Com adesão de todos os estados e 99,2% dos municípios, o programa pode reorganizar fluxos, reduzir filas e reestabelecer linhas de cuidado prioritárias em um país que ainda lida com as sequelas da pandemia.
Apesar disso, o editorial alerta que a iniciativa reforça a histórica dependência do SUS em relação ao setor privado, que concentra a maior parte dos equipamentos, tecnologias e serviços especializados.
Em muitos territórios, essa relação deixa de ser complementar (como previsto constitucionalmente) e torna-se substitutiva, deslocando recursos públicos e ampliando desigualdades regionais.
“É imprescindível alertar, entretanto, que, em médio e longo prazo, a estratégia programática não vem acompanhada de intervenções imprescindíveis para garantir mudanças e sustentação das propostas.”
As lacunas estruturais ignoradas pelo programa
A análise identifica três falhas estratégicas que impedem o Mais Especialistas de produzir mudanças duradouras no sistema: a regionalização paralisada e concentração de recursos, a força de trabalho insuficiente e formação controlada pelo mercado e o subfinanciamento e financeirização do orçamento público.
O texto contextualiza o problema no conjunto de políticas fiscais que, nas últimas décadas, comprimiram investimentos sociais — DRU, Teto de Gastos, Arcabouço Fiscal —, caracterizadas como “tendências genoestruturais” que impedem reformas estruturantes e reforçam a dependência do SUS em relação ao setor privado.
• Essa restrição orçamentária limita:
• expansão da rede pública;
• autonomia tecnológica;
• contratação de equipes;
• reorganização das Regiões de Saúde;
• fortalecimento da Atenção Básica/APS como ordenadora do cuidado.
O editorial conclui que o Mais Especialistas é necessário, mas insuficiente.
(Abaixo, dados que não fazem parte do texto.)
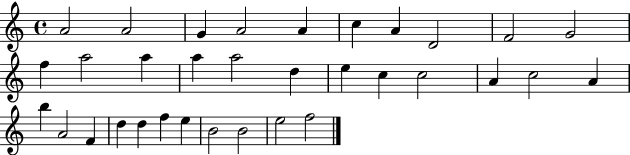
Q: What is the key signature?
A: C major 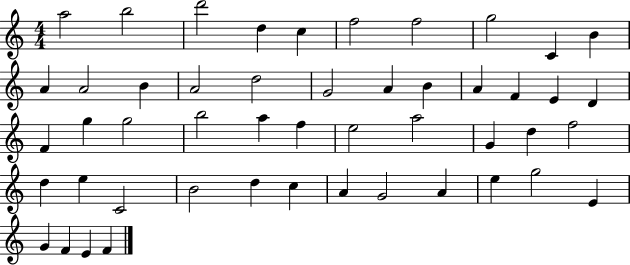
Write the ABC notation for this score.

X:1
T:Untitled
M:4/4
L:1/4
K:C
a2 b2 d'2 d c f2 f2 g2 C B A A2 B A2 d2 G2 A B A F E D F g g2 b2 a f e2 a2 G d f2 d e C2 B2 d c A G2 A e g2 E G F E F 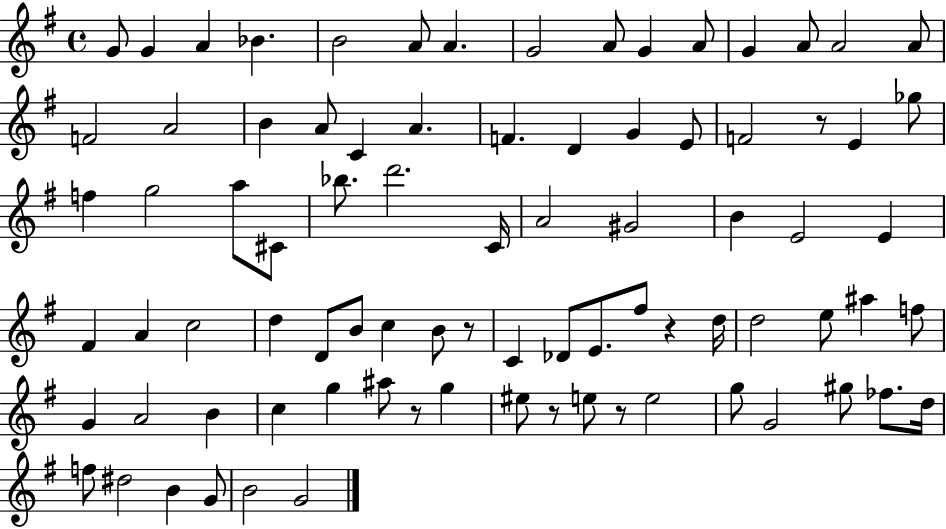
G4/e G4/q A4/q Bb4/q. B4/h A4/e A4/q. G4/h A4/e G4/q A4/e G4/q A4/e A4/h A4/e F4/h A4/h B4/q A4/e C4/q A4/q. F4/q. D4/q G4/q E4/e F4/h R/e E4/q Gb5/e F5/q G5/h A5/e C#4/e Bb5/e. D6/h. C4/s A4/h G#4/h B4/q E4/h E4/q F#4/q A4/q C5/h D5/q D4/e B4/e C5/q B4/e R/e C4/q Db4/e E4/e. F#5/e R/q D5/s D5/h E5/e A#5/q F5/e G4/q A4/h B4/q C5/q G5/q A#5/e R/e G5/q EIS5/e R/e E5/e R/e E5/h G5/e G4/h G#5/e FES5/e. D5/s F5/e D#5/h B4/q G4/e B4/h G4/h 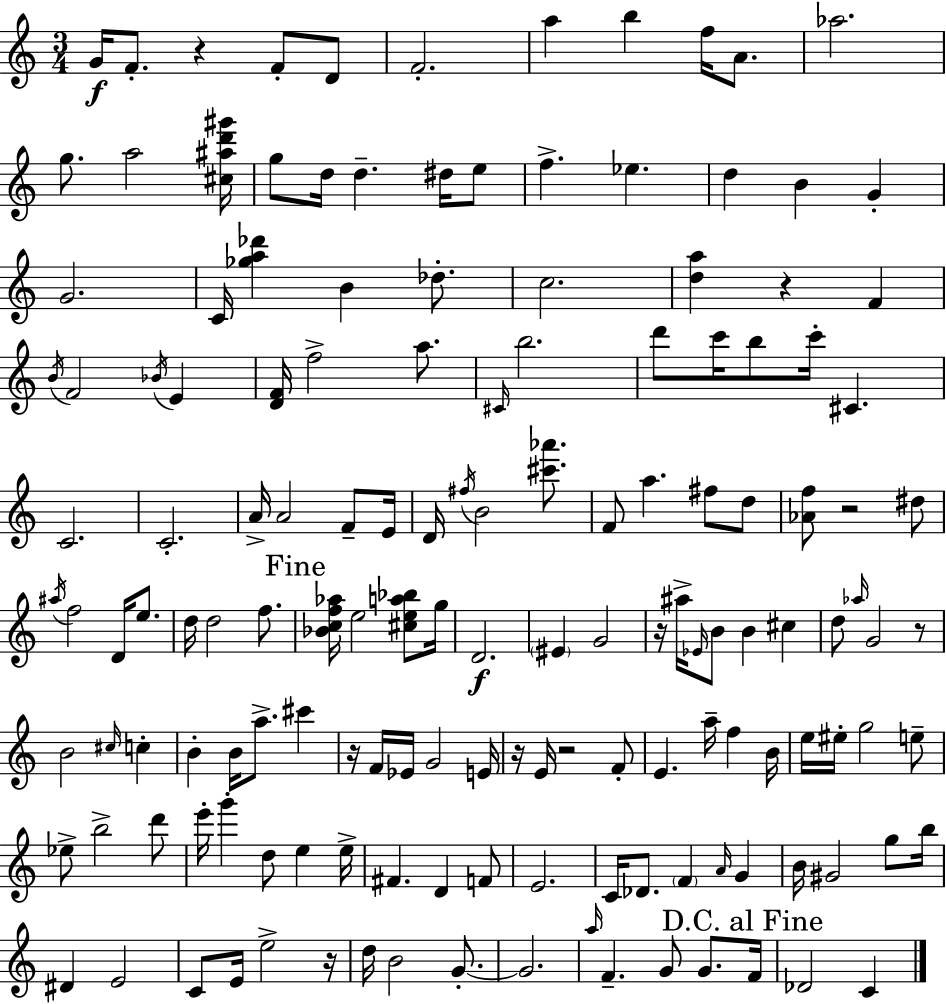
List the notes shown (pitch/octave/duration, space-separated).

G4/s F4/e. R/q F4/e D4/e F4/h. A5/q B5/q F5/s A4/e. Ab5/h. G5/e. A5/h [C#5,A#5,D6,G#6]/s G5/e D5/s D5/q. D#5/s E5/e F5/q. Eb5/q. D5/q B4/q G4/q G4/h. C4/s [Gb5,A5,Db6]/q B4/q Db5/e. C5/h. [D5,A5]/q R/q F4/q B4/s F4/h Bb4/s E4/q [D4,F4]/s F5/h A5/e. C#4/s B5/h. D6/e C6/s B5/e C6/s C#4/q. C4/h. C4/h. A4/s A4/h F4/e E4/s D4/s F#5/s B4/h [C#6,Ab6]/e. F4/e A5/q. F#5/e D5/e [Ab4,F5]/e R/h D#5/e A#5/s F5/h D4/s E5/e. D5/s D5/h F5/e. [Bb4,C5,F5,Ab5]/s E5/h [C#5,E5,A5,Bb5]/e G5/s D4/h. EIS4/q G4/h R/s A#5/s Eb4/s B4/e B4/q C#5/q D5/e Ab5/s G4/h R/e B4/h C#5/s C5/q B4/q B4/s A5/e. C#6/q R/s F4/s Eb4/s G4/h E4/s R/s E4/s R/h F4/e E4/q. A5/s F5/q B4/s E5/s EIS5/s G5/h E5/e Eb5/e B5/h D6/e E6/s G6/q D5/e E5/q E5/s F#4/q. D4/q F4/e E4/h. C4/s Db4/e. F4/q A4/s G4/q B4/s G#4/h G5/e B5/s D#4/q E4/h C4/e E4/s E5/h R/s D5/s B4/h G4/e. G4/h. A5/s F4/q. G4/e G4/e. F4/s Db4/h C4/q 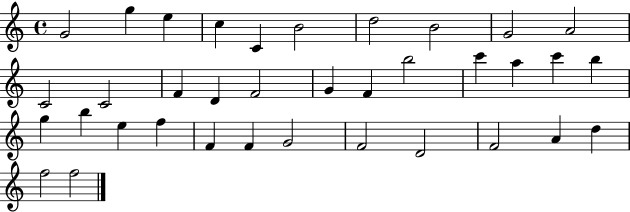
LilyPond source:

{
  \clef treble
  \time 4/4
  \defaultTimeSignature
  \key c \major
  g'2 g''4 e''4 | c''4 c'4 b'2 | d''2 b'2 | g'2 a'2 | \break c'2 c'2 | f'4 d'4 f'2 | g'4 f'4 b''2 | c'''4 a''4 c'''4 b''4 | \break g''4 b''4 e''4 f''4 | f'4 f'4 g'2 | f'2 d'2 | f'2 a'4 d''4 | \break f''2 f''2 | \bar "|."
} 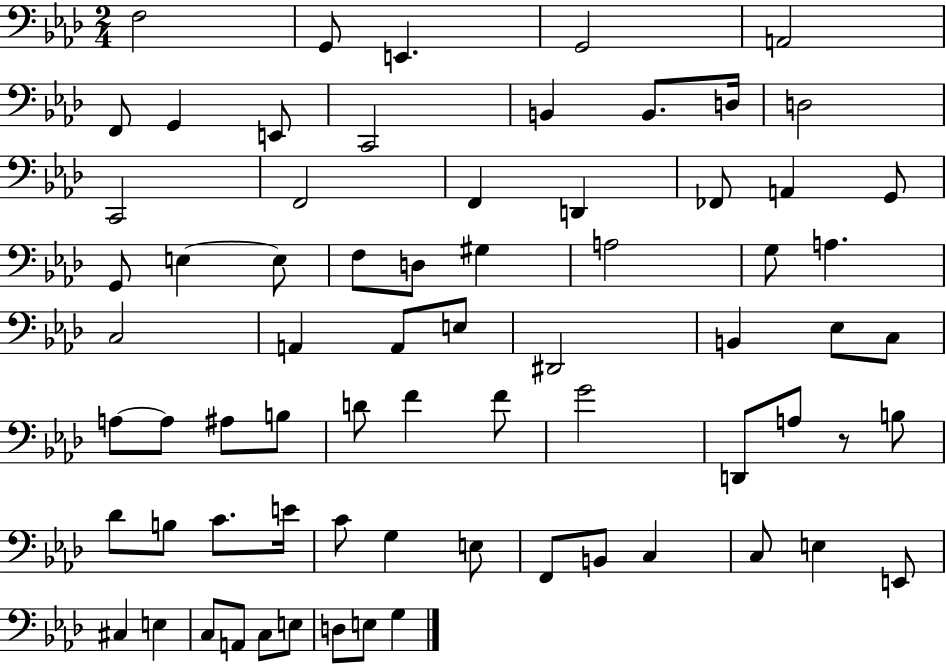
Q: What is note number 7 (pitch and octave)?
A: G2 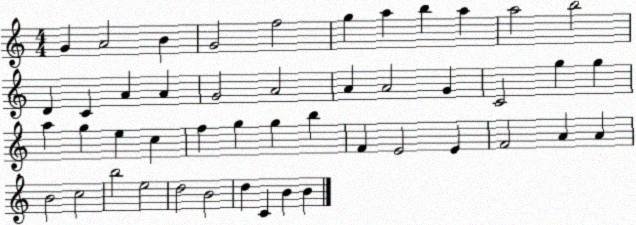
X:1
T:Untitled
M:4/4
L:1/4
K:C
G A2 B G2 f2 g a b a a2 b2 D C A A G2 A2 A A2 G C2 g g a g e c f g g b F E2 E F2 A A B2 c2 b2 e2 d2 B2 d C B B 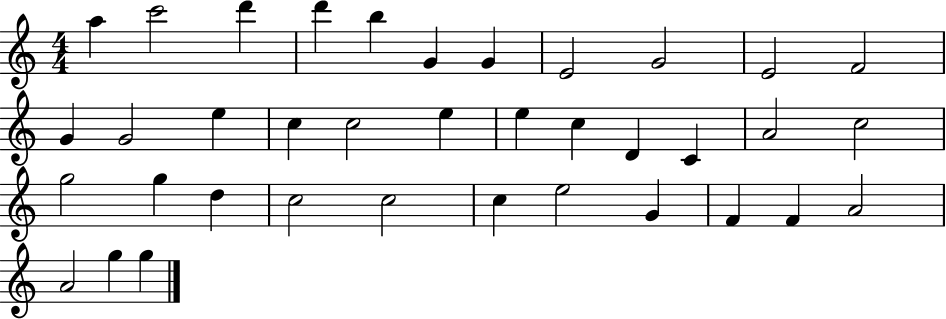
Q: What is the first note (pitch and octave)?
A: A5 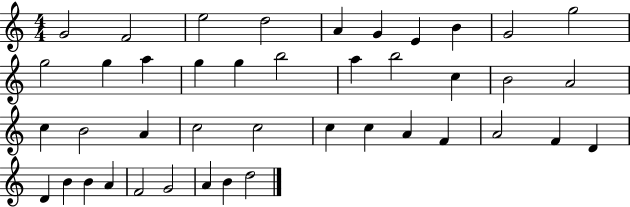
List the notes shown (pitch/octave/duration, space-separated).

G4/h F4/h E5/h D5/h A4/q G4/q E4/q B4/q G4/h G5/h G5/h G5/q A5/q G5/q G5/q B5/h A5/q B5/h C5/q B4/h A4/h C5/q B4/h A4/q C5/h C5/h C5/q C5/q A4/q F4/q A4/h F4/q D4/q D4/q B4/q B4/q A4/q F4/h G4/h A4/q B4/q D5/h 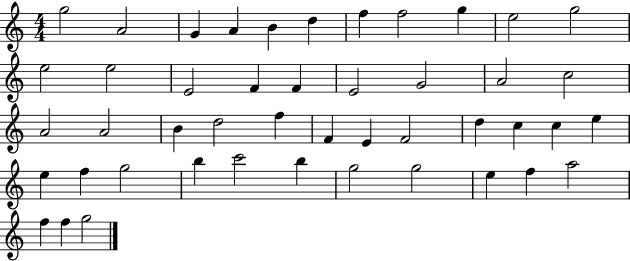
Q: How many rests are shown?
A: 0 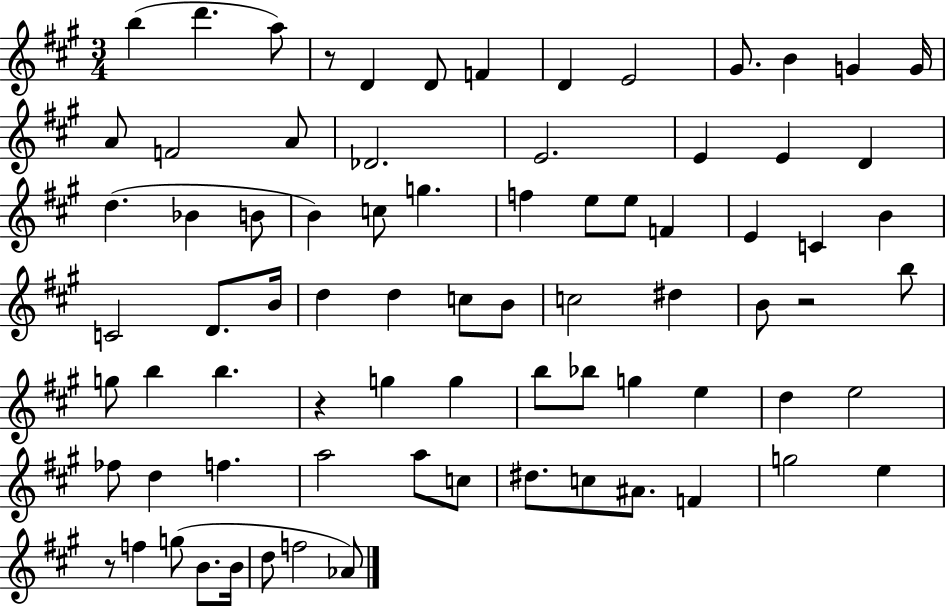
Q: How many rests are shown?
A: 4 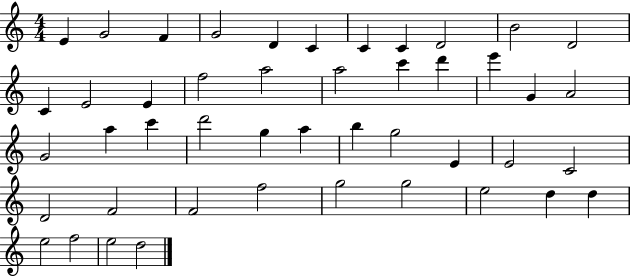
E4/q G4/h F4/q G4/h D4/q C4/q C4/q C4/q D4/h B4/h D4/h C4/q E4/h E4/q F5/h A5/h A5/h C6/q D6/q E6/q G4/q A4/h G4/h A5/q C6/q D6/h G5/q A5/q B5/q G5/h E4/q E4/h C4/h D4/h F4/h F4/h F5/h G5/h G5/h E5/h D5/q D5/q E5/h F5/h E5/h D5/h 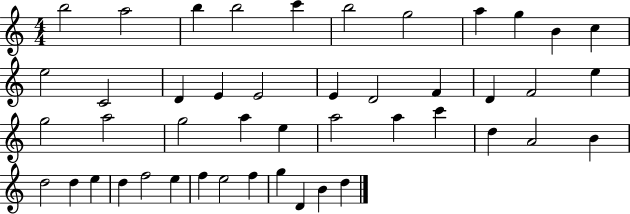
X:1
T:Untitled
M:4/4
L:1/4
K:C
b2 a2 b b2 c' b2 g2 a g B c e2 C2 D E E2 E D2 F D F2 e g2 a2 g2 a e a2 a c' d A2 B d2 d e d f2 e f e2 f g D B d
Para que produza efeitos permanentes e alinhados ao projeto constitucional do SUS, precisa ser articulado a medidas estruturantes, tais como:
• expansão do setor público e desconcentração de serviços especializados;
• fortalecimento da APS como coordenadora do cuidado;
• redução progressiva da dependência privada;
• investimentos regionais planejados e redistributivos;
• reforço da regulação pública;
• reorganização da formação e das carreiras no SUS.
Os autores ainda afirmam que apenas a combinação entre respostas imediatas e transformações estruturais permitirá superar o vazio assistencial e garantir atenção especializada universal, integral e equânime.
Abaixo, a íntegra do editorial de Saúde em Debate
Programa Mais Especialistas: contextos e expectativas
Alcides Silva de Miranda, Ana Maria Costa, Maria Lucia Frizon Rizzotto e Lenaura de Vasconcelos Costa Lobato
O MARCO LEGAL DO SISTEMA ÚNICO DE SAÚDE (SUS) estabelece a proeminência e a interdependência entre valores ético-sociais articulados a diretrizes estratégicas que visam garantir o acesso universal à saúde como um direito social.
Ao longo de sua implementação, o SUS acumulou normativas que buscam não somente a realização de procedimentos tecnoassistenciais, a prestação e o consumo de serviços biomédicos, mas, sobretudo, a atenção integral com promoção, proteção e recuperação (assistência, reabilitação, reintegração) da saúde, com universalidade e equidade.
Igualmente, o SUS dispõe de normativas para efetivar a diretriz da participação social e comunitária que vem se consolidando no controle social e na defesa da saúde enquanto direito constitucional.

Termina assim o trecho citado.